Prerequisites for surviving in today’s industrial market have been summarized in the principles of the Fourth Industrial Revolution. Industry 4.0 is based on informational connectivity, transparency, and digitalization. It requires correct and comprehensive data incorporated into the product’s digital models usable across all stages of the product lifecycle and all systems involved. Shipyard 4.0, respectively, requires an exhaustive coverage of all ship elements and their attributes applied for each and every downstream process: from design and manufacturing to pricing and end-of-life.
Jesús Ángel Muñoz Herrero
SENER Marine, with its half of a century experience in industrial innovation, started an extensive transformation process towards this new era long ago. The company developed its own multifunctional shipbuilding software - FORAN - and is progressively turning it into an all-encompassing data source. And this year, FORAN software will be acquired by Siemens topping up its ship-lifecycle services. Since 2012, CAD Exchanger has been an integral part of this process, providing technologies related to 3D data exchange in FORAN. Read the story of a collaboration that started with one CAD format support and made it to optimizing every bit of CAD data processing algorithms.
About SENER Marine
65 years of shipbuilding
SENER, with its grandiose projects in aerospace, infrastructure, energy, and marine, is indeed a Spanish market leader in the engineering and manufacturing business. Being founded in 1956 as a technical marine office, SENER now has 2,500 professionals providing state-of-the-art engineering solutions to the whole world. The company is designing a high-speed rail in California, developing an offshore LNG terminal in Argentina, connecting the Sinai Peninsula and Egypt with specially designed tunnels, inventing technologies for the Jupiter Icy Moons Explorer (JUICE) program to be launched by the Netherlands. “Soluciones de ingeniería al servicio de los clientes y la sociedad,” - that’s what their mission sounds like, which is translated as “Hi-tech engineering solutions in the clients and society service.”

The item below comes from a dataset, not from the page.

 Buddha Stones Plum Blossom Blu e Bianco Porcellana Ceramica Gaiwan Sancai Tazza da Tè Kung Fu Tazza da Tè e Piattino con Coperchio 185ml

SENER still stays committed to its original vocation represented by its SENER Marine subsidiary, which delivers on engineering and consultancy contracts for numerous shipyards, design offices, and ship owners all over the world. SENER Marine supports projects of various types of vessels and offshore structures, starting from the conceptual design and up to construction supervision. The company engineered a 1,200-passenger ferry vessel for South Korea and a stern trawler for China, assisted in repairing and modernizing of the Argentinian Navy’s icebreaker and consulted on keel laying in Tanzania, performed a feasibility study for the conversion of a harbor tug to use liquefied natural gas (LNG) and engineered the supporting structures for offshore wind generators, to name a few.
Shipbuilding CAD system FORAN
In 1965 FORAN, an in-house CAD/CAM/CAE system, was launched to simplify engineering calculations. As the 20th century advanced, SENER engineers felt the need to digitalize all the stages of the vessel design and gradually expanded the functionalities of the FORAN.
Now FORAN is used by 150 shipyard and design offices across 40 countries to design carriers, submarines, ferries, fishing vessels, icebreakers, trawlers, and other kinds of ships. The system covers all the stages of the vessel’s lifecycle up to its delivery to the shipowner: from initial design to the hull, machinery and outfitting detailed layout, from electrical design to drafting, from integration to PLM systems to immersive virtual reality solutions.
Thanks to this broad range of applications, FORAN end-users can be either conceptual designers elaborating the main volumes and spaces of the ship, or engineers who join the game after the contract is signed, or the shipyard’s staff managing validation of the design and production of the vessel. All the necessary information is stored in a single database and equipped with shipbuilding-oriented features.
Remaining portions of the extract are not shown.